Depuis le 24 février, plus de cinq millions de citoyens ukrainiens ont quitté le pays, tandis que sept millions supplémentaires ont été déplacés à l'intérieur du pays. Beaucoup sont partis vers l’ouest de l’Ukraine. Mais lorsque l’argent commence à manquer, les gens ont tendance à rentrer chez eux, dans leurs quartiers et leurs villes en ruine. D’autres commencent leur voyage de retour mais décident de s’arrêter dans le centre de l’Ukraine, par exemple dans la région de Tcherkassy.
« Pourquoi les gens viennent-ils à Tcherkassy ? C’est une question d’état d’esprit et une question de commodité », explique Volodymyr Panchenko, qui coordonne le travail avec les personnes déplacées pour le conseil municipal. « Si vous regardez la carte de l’Ukraine, les combats se sont déroulés au sud, au nord et à l’est. Des villes comme Dnipro, Poltava, Kropyvnytskyi et Cherkasy sont relativement paisibles. Les gens comprennent qu’ils peuvent rentrer chez eux d’ici ou plus à l’ouest. Nous sommes bien placés.
Même si Tcherkassy est relativement sûr, la guerre se fait encore sentir ici, dans les changements de la vie quotidienne. Les enfants jouent à la « guerre », essayant de se sauver des « soldats russes » tout en faisant retentir les sons des sirènes d’alerte aérienne sur leur téléphone.
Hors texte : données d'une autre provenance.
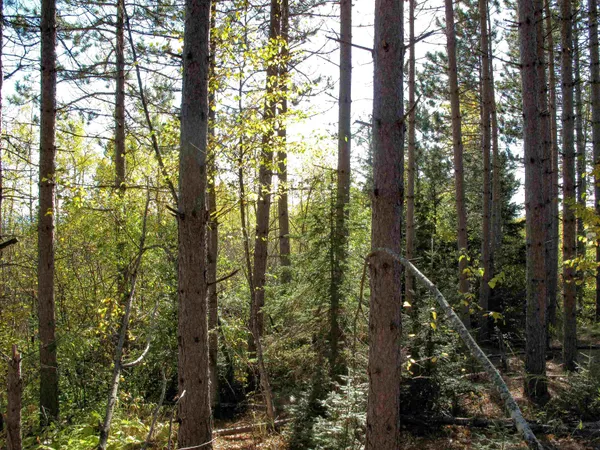 $1,200,000 | Abc Bally Creek Road, Grand Marais, MN 55604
Les adultes continuent de travailler, se portant volontaires pour aider les forces armées ukrainiennes ou les personnes déplacées – quelque 80,000 XNUMX dans la région – pendant leur temps libre. D’autres ont rejoint les unités de défense territoriale et patrouillent sur leurs routes. Ensuite, il y a les sirènes de raid aérien constantes et les menaces de frappes contre des cibles dans la région.
Oksana Tsyganok
Député du conseil régional de Tcherkassy, parti de la Solidarité européenne
Notre pays n’était pas prêt à accueillir autant de déplacés internes et de militaires mobilisés. Nous avons donc besoin de tout : des bérets, des munitions, des gilets et casques pare-balles aux vêtements de tous les jours, en passant par la nourriture et les médicaments.
Le Centre humanitaire de la ville, les centres d’enseignants et de bénévoles sont désormais chargés de soutenir les militaires et les personnes déplacées à Tcherkassy. Les établissements d'enseignement préparent de la nourriture pour la défense territoriale.
Les centres de volontaires sont dotés de personnes déplacées, de résidents actifs et d'épouses de soldats. Des étrangers viennent également en aide, dont certains ne comprennent même pas l’ukrainien.
Au début, nous collections principalement des aides, que nous distribuons aujourd'hui à ceux qui en ont besoin. Il y avait beaucoup de gens qui voulaient aider, nous pouvions à peine faire face au grand flux de personnes qui venaient faire quelque chose d'utile, apportant de la nourriture, des vêtements, des produits d'hygiène. Le travail organisé du centre de volontariat a beaucoup aidé, surtout lorsque les personnes déplacées ont commencé à arriver. Le système est réglé : il y a des spécialistes de l'inscription qui déterminent leurs besoins.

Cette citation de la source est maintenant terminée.